Reklama

Netflix planuje wydać miliardy na nowe produkcje. Dokładna kwota powala

Rok 2025 przyniesie rekordowe wydatki Netfliksa na nowe produkcje. Dyrektor finansowy platformy zapewnia, że to dopiero początek. Czy nadchodzące plany wydawnicze usprawiedliwiają te astronomiczne kwoty?

Netflix nie zwalnia tempa i ponownie nas zaskoczy? Streamingowy gigant planuje w tym roku wydać więcej m.in. na nowe filmy oraz inne produkcje. Kwota wprost zwala z nóg — mówi się o 18 miliardach dolarów na nowe przedsięwzięcia w 2025 roku.  

To dopiero początek?

Kwota 18 miliardów dolarów wydaje się być przyprawiająca o zawroty głowy, jednak dyrektor finansowy Netfliksa zapewnia, ze nie jest to szczyt możliwości giganta. 

"Nie jesteśmy nawet blisko sufitu" — powiedział w rozmowie z Variety, dodając: "Myślę, że dopiero zaczynamy". 

Reklama

Podana kwota oznacza 11% wzrost względem poprzedniego roku, gdy platforma wydała ponad 16 miliardów na rozwój. Choć z jednej strony kwota wydaje się być powalająca, to biorąc pod uwagę, jakie gwiazdy angażują się w nowe projekty, nie powinniśmy być aż tak zdziwieni. 

Już w tym miesiącu na naszych ekranach zobaczymy ogromną gwiazdę Netfliksa, czyli Millie Bobby Brown oraz partnerującego jej na ekranie Chrisa Pratta w filmie "The Electric State", za który odpowiadają Anthony i Joe Russo.

Film osadzony jest w alternatywnej wersji lat 90. ubiegłego wieku. Opowiada historię osieroconej nastolatki, która po buncie maszyn przemierza amerykański zachód w poszukiwaniu młodszego brata w towarzystwie robota inspirowanego kreskówkami, przemytnika i jego towarzysza. 

Widzowie mogą spodziewać się nie tylko wciągającej opowieści o odwadze i sile więzi, ale także imponującej warstwy wizualnej — od unikatowych projektów robotów po klimatyczne antyutopijne krajobrazy zachodniej Ameryki. 

Produkcja miała mieć najwyższy budżet ze wszystkich filmów, jakie dotychczas firmował swoją marką Netflix. 

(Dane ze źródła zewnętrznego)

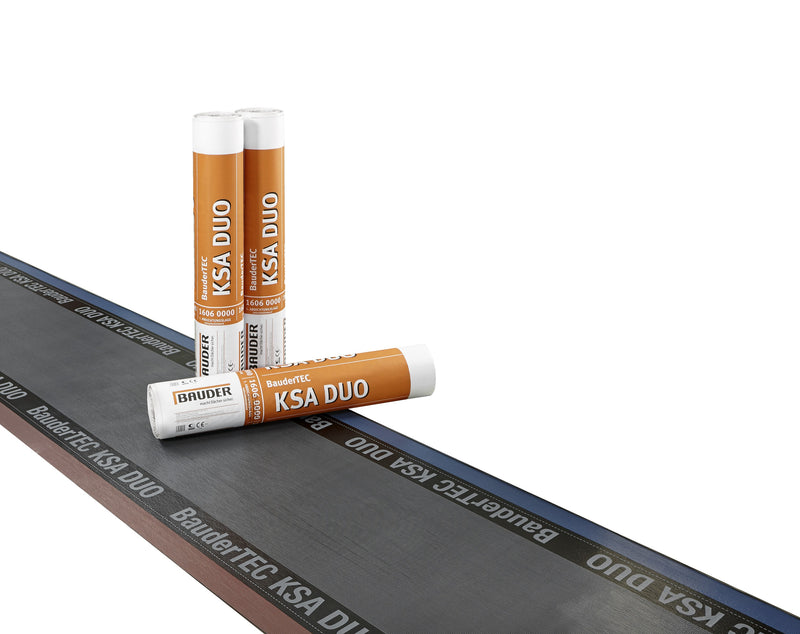 BauderTEC KSA DUO Elastomerbitumen-Kaltselbstklebebahn mit Folie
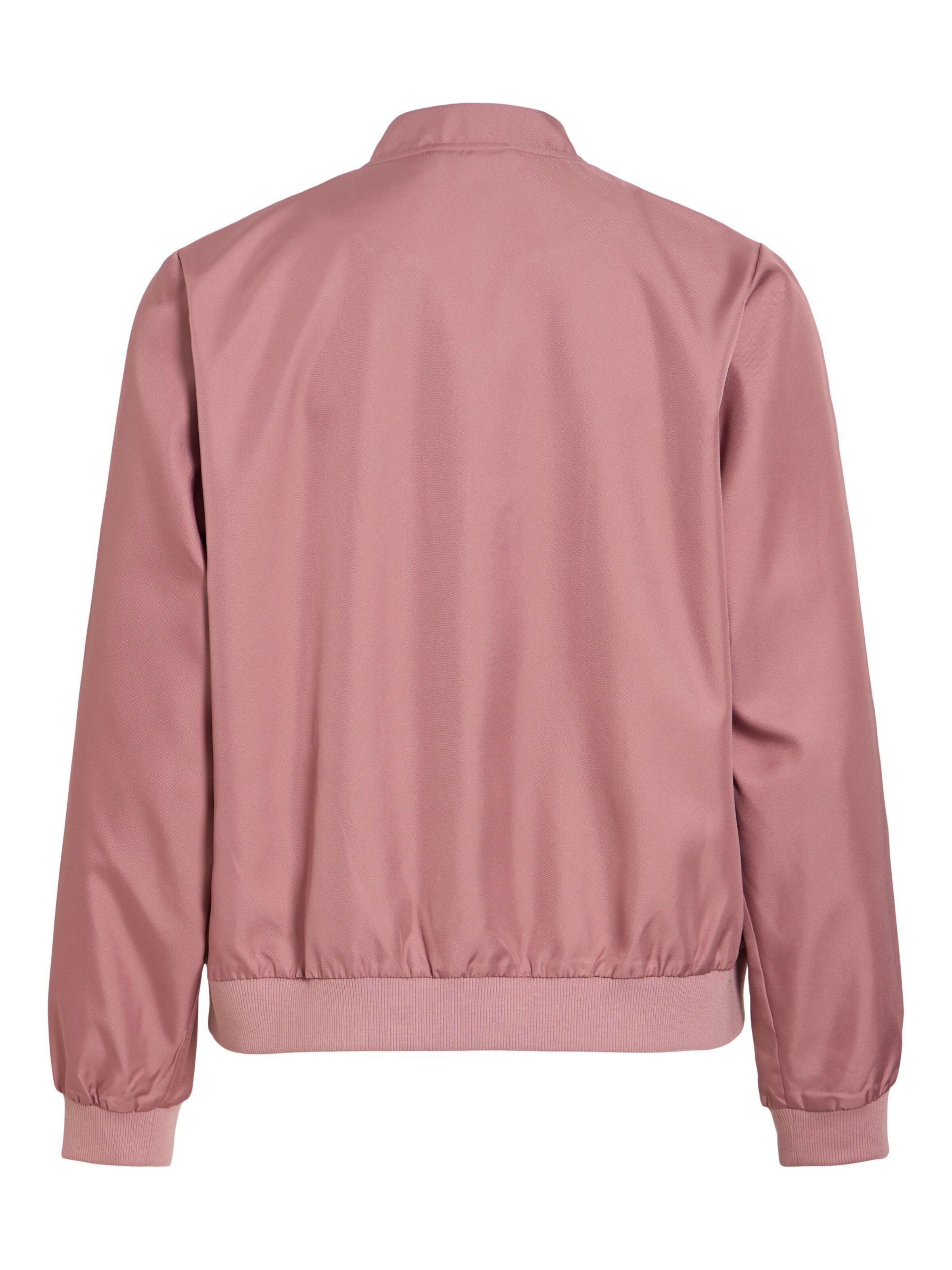 VILA Sweatjacke 'VIPapaya' in Pink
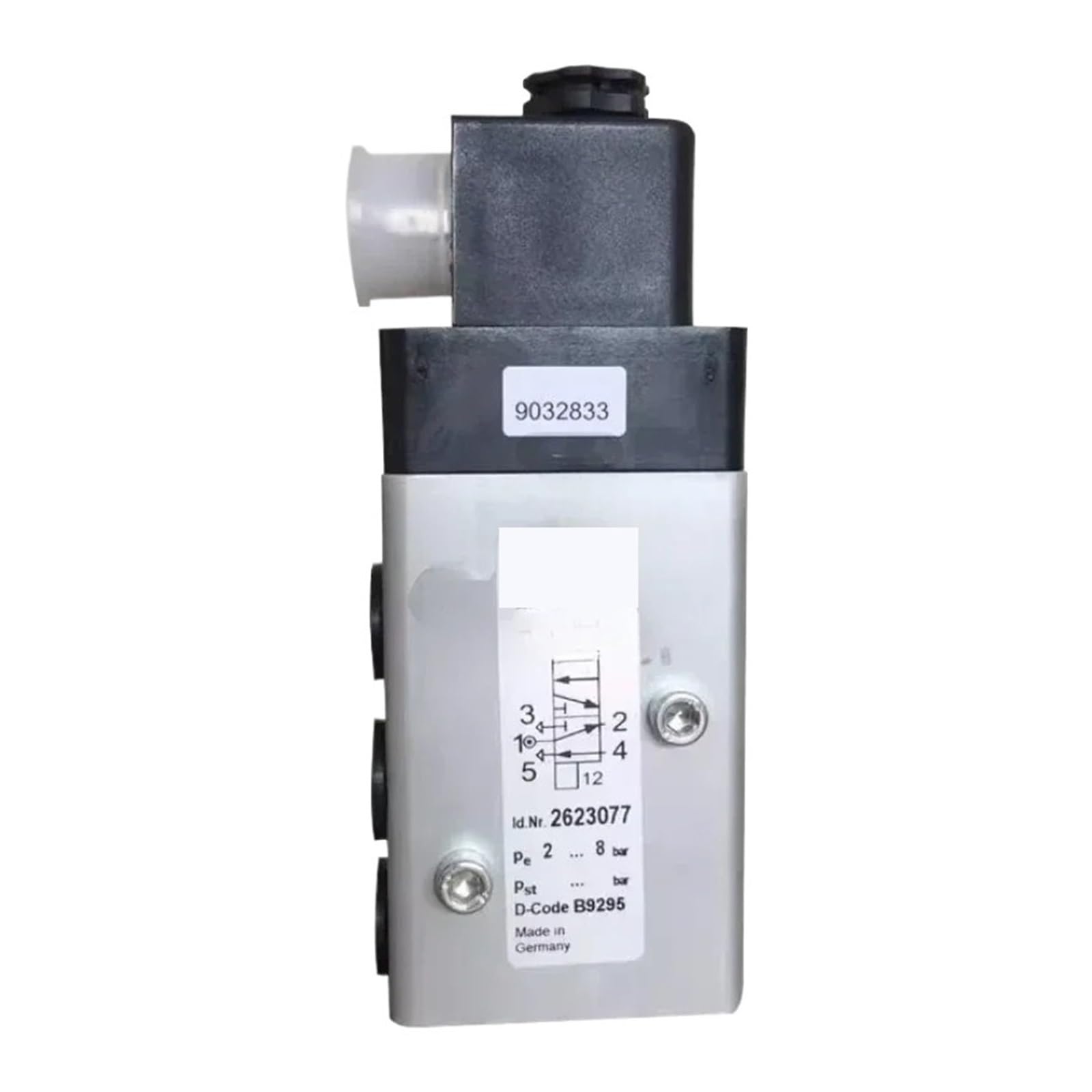 Électrovanne 2623077 robuste à 5 voies pour environnements exigeants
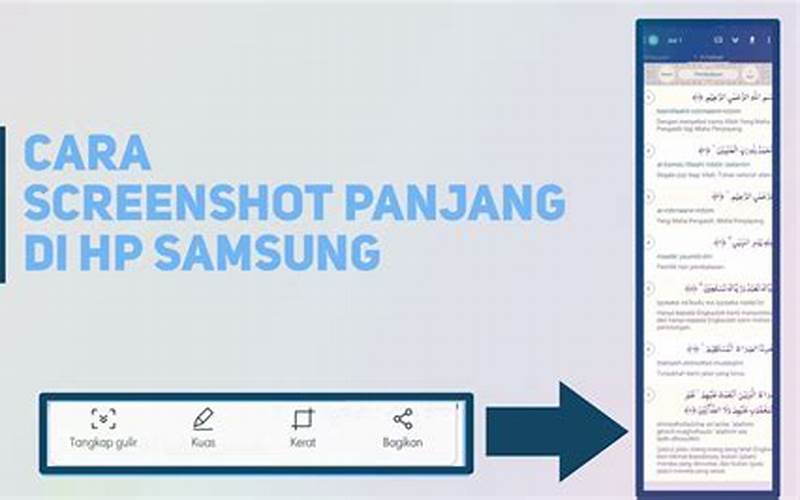 Cara Screenshot Panjang Di Hp Samsung A10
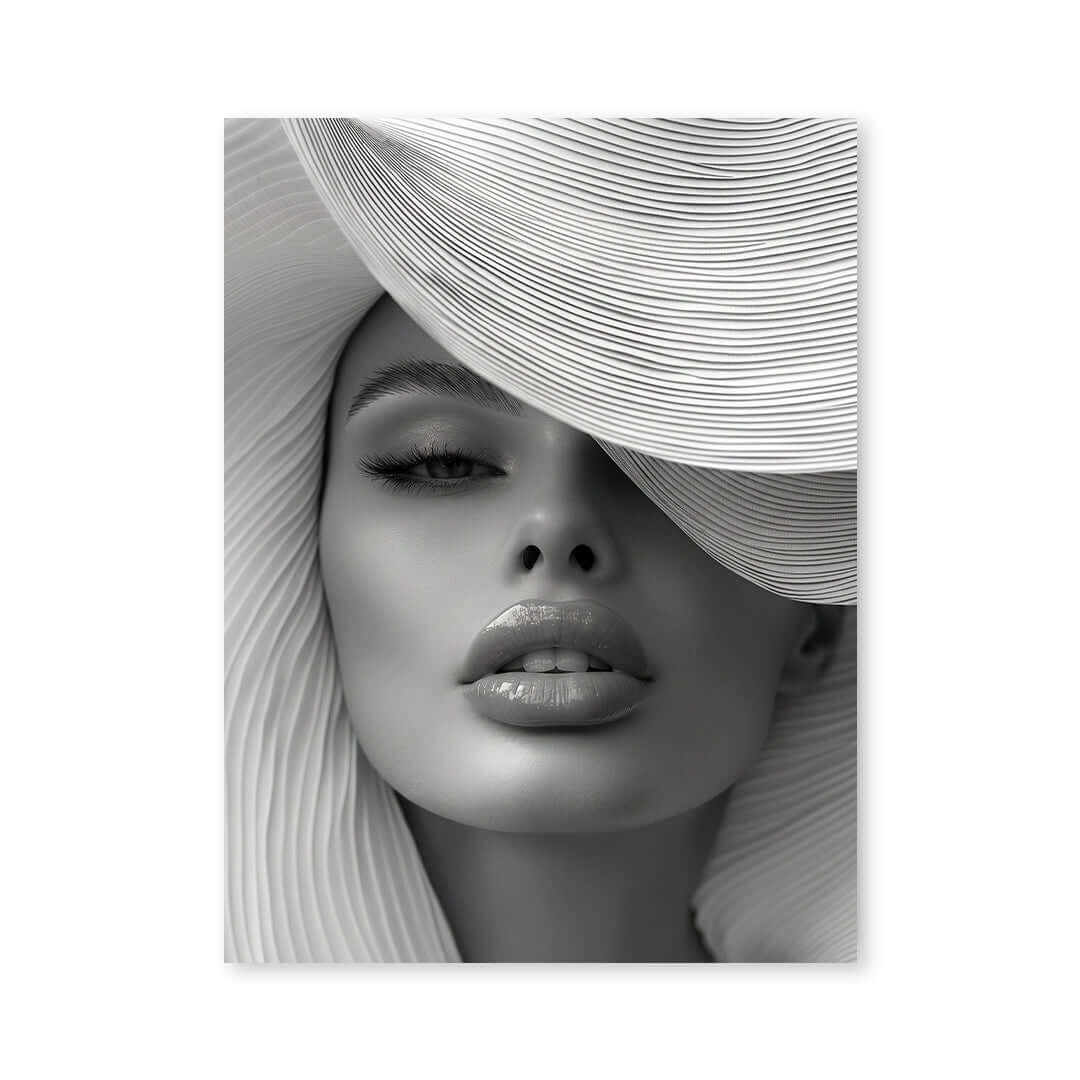 Cuadro Póster Mujer con Sombrero | Decoración Elegante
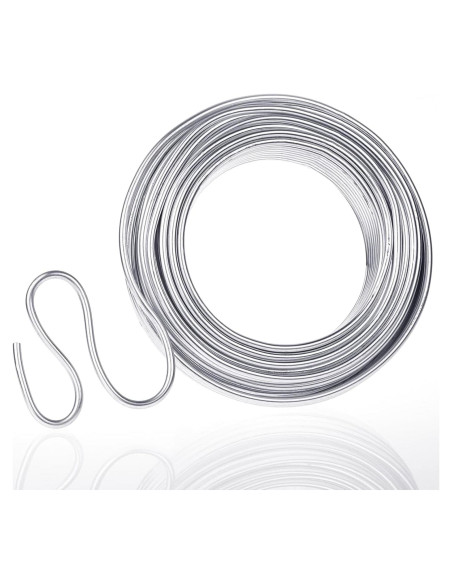 Alambre de Aluminio Anezus 9 Gauge 3mm Flexible 15.24m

Platforma streamingowa może poszczycić się też takimi głośnymi hitami jak dwuczęściowy film akcji "Tyler Rake" z Chrisem Hemsworthem w roli głównej czy serią "Rebel Moon", za którą odpowiada Zack Snyder. Wielkie nazwiska można wymieniać bez końca, co nieco usprawiedliwia ogromne wydatki Netfliksa, choć zapewne wielu użytkowników ze łzą w oku wspomina świetne serie, które zostały anulowane bez większych wyjaśnień. 

Netflix: co oglądać?

Niedawnym hitem platformy został meksykański film "Kontratak", który w jeden weekend zanotował aż 18,6 mln wyświetleń. Ponadto tytuł znalazł się na szczycie rankingu popularności filmów nieanglojęzycznych w aż 30 krajach, głównie w Ameryce Południowej. W Polsce film uplasował się na trzecim miejscu w TOP 10 ostatnich dni. 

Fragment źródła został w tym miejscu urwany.